J'ajoute, quitte à encourir le tollé, qu'un individu qui fait d'une ancienne maîtresse (A. Elkaïm) sa fille adoptive commet un inceste, même si c'est de façon symbolique. Je sais bien que, plus près de nous, Woody Allen a observé une attitude voisine. Mais ce n'est pas une justification a posteriori, ni un exemple à suivre !
Peut-être le temps est-il venu, au bout de vingt-quatre années, et sans être accusé de vouloir cracher sur une tombe, de revenir à une plus saine appréciation de l'action de celui qui avait déclaré : "un anticommuniste est un chien, je ne sortirai pas de là". Et pour essayer d'ouvrir les yeux - mais sans illusions, ici - de tous ceux pour qui il valait mieux "avoir tort avec Sartre que raison avec Aron"...
Raymond Aron ! En voilà un, de sacré grand esprit ! Il est parti dans la discrétion, comme il avait écrit dans la discrétion une douzaine (et davantage) d'ouvrages qui continuent à nous éclairer, alors que les productions de son collègue de l'École normale supérieure ne font que nous embourber...
Et quand je lis, dans les phrases d'hommages grotesques à force d'hyperboles : "témoignage pour la dignité de l'homme", ou encore "au service des opprimés et des offensés", je me demande ce que doivent penser toutes les jeunes filles paumées que le Castor passait en revue, avant de les refiler à Sartre "le pédagogue du demi-siècle", pour qu'il les déniaisât.

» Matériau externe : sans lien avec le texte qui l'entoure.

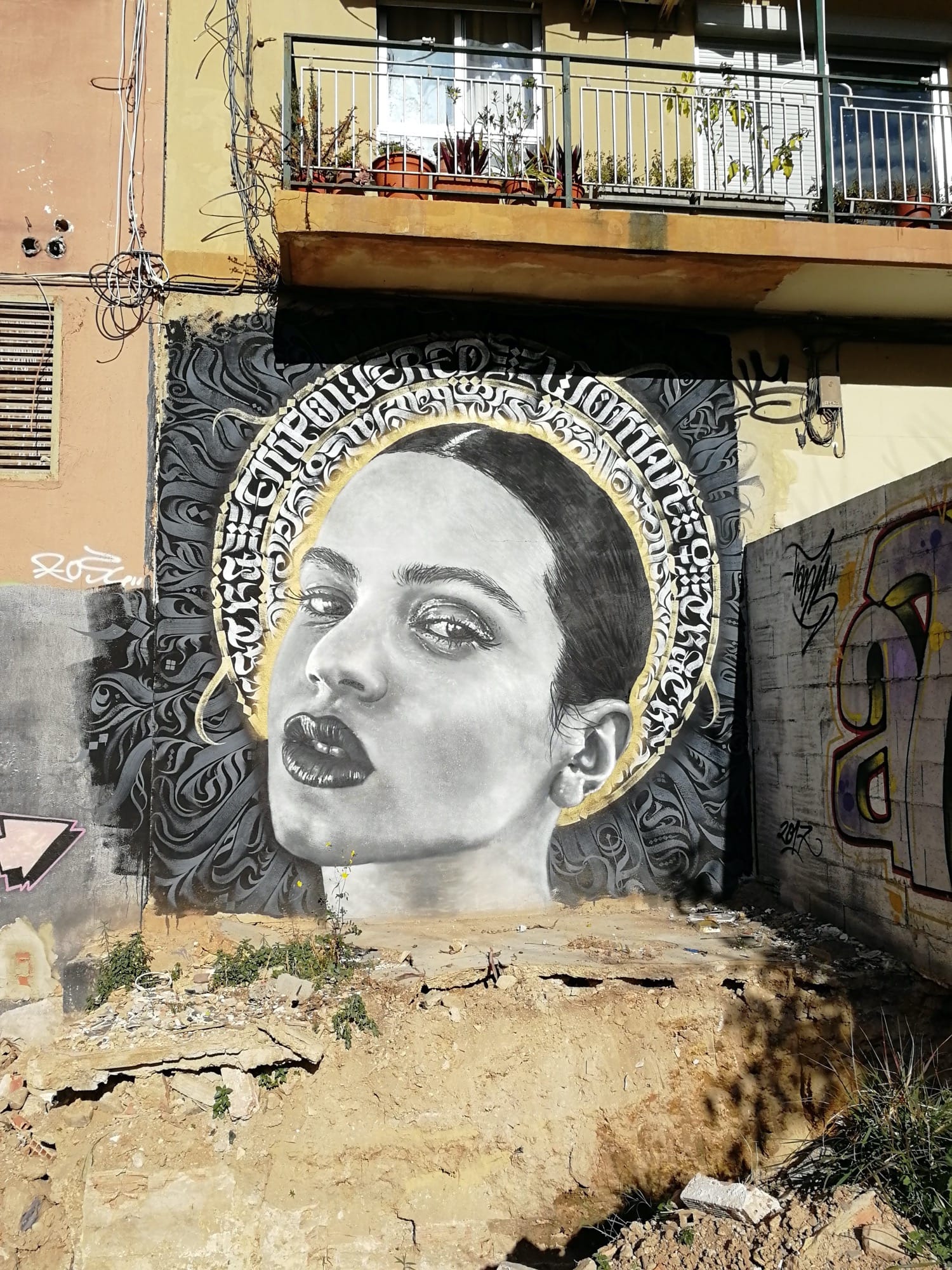 Graffiti 3485  captured by Rabot in València Spain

L'une, au moins, a laissé son témoignage : il est édifiant ; les opprimé(e)s ne sont pas seulement chez Franz Fanon, il y en a aussi dans les chambres de bonnes du Ve arrondissement ! Et la pédophilie, le détournement de mineure, si l'on préfère, comme l'usage de la mescaline, sont des conduites toujours punies par la loi, sauf erreur.
Alors, après avoir mis en ligne, il y a pas mal de temps, un texte seulement souriant, dû à la plume si délicieusement persifleuse de Jean Amadou, en voici un, plutôt grinçant (j'émets des réserves sur la partie consacrée au Canard enchaîné) mais tellement plus proche de la réalité, publié au lendemain du décès du Prix Nobel 1964 de littérature.

 

 

La chimie apporte à presque toute douleur son calmant, mais rien n'apaise les élancements dont souffre l'homme qui a mal à la France. Ce mal, assez répandu, affecte en particulier ma génération et j'endure ses affres depuis ma jeunesse. Sartre y a méchamment contribué. Voilà ce qu'il faut tout de même dire, maintenant qu'il est en terre.

Nous rapetissons nos vivants, nous agrandissons hors mesure nos morts. J'eus honte du sanglot dévot et quasi unanime que souleva la fin de Sartre parmi nos gens de plume, de micro, de caméra. Sur le trottoir de gauche, comme sur celui de droite, les putains sont respectueuses. Ni son intelligence, ni sa puissance créatrice, ni ses talents, ni son génie dont ne resteront, par la loi des choses, que des œuvres détachées du temps, c'est-à-dire des œuvres d'art, ne me feront oublier que Sartre fut l'exemple le plus abouti de la trahison des clercs.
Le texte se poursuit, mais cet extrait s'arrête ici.